■ Dataset records:
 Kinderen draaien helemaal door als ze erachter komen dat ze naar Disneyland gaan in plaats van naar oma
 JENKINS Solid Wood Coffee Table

--

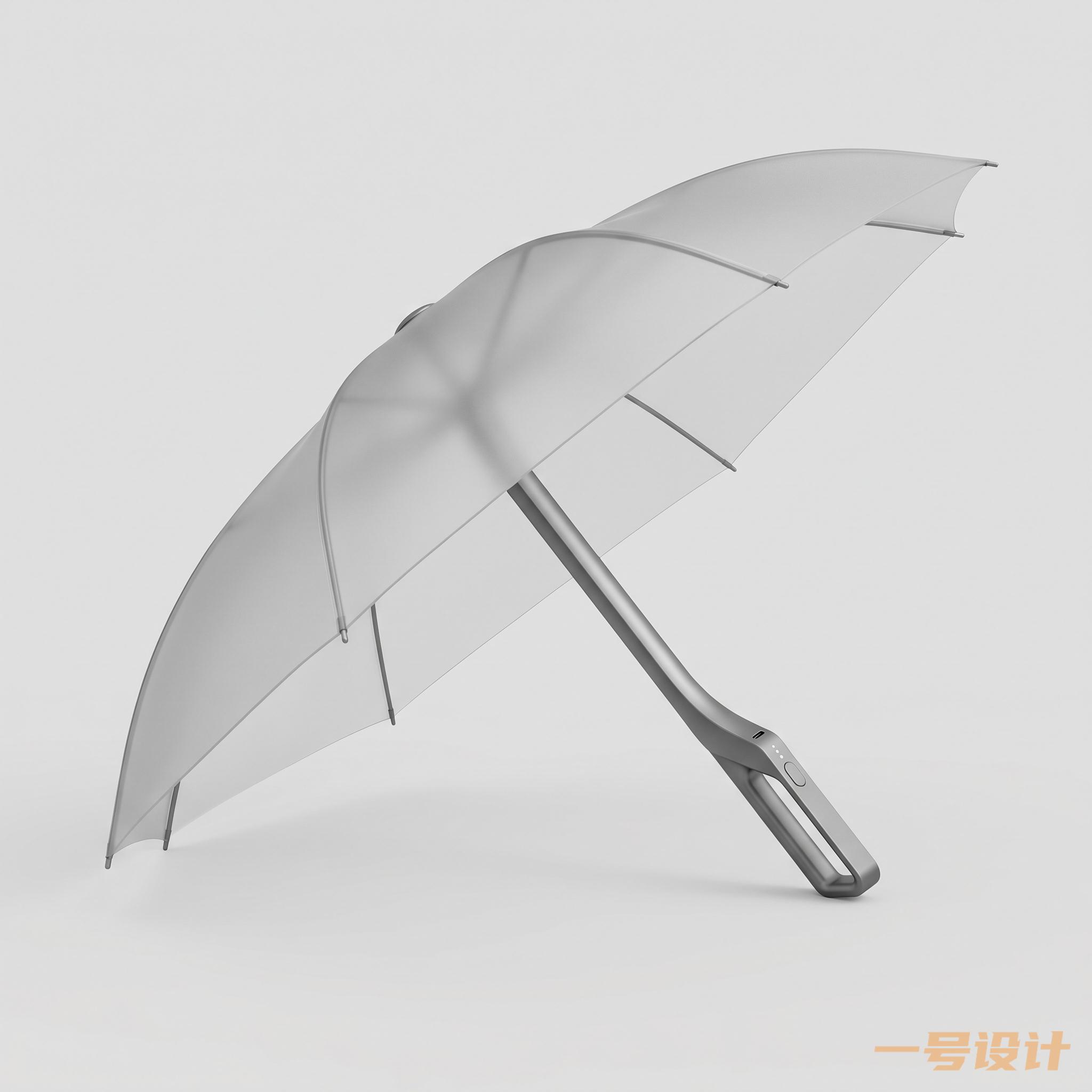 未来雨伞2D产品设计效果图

==

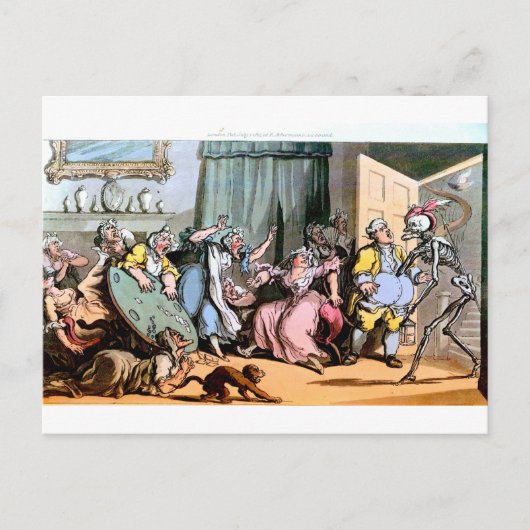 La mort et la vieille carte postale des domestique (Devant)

■ What this task involves: Return, with no change at all, every line in the entries above from the line containing "Kinderen draaien helemaal" through the line containing "JENKINS Solid Wood Coffee Table".

■ Response to the task:
 Kinderen draaien helemaal door als ze erachter komen dat ze naar Disneyland gaan in plaats van naar oma
 JENKINS Solid Wood Coffee Table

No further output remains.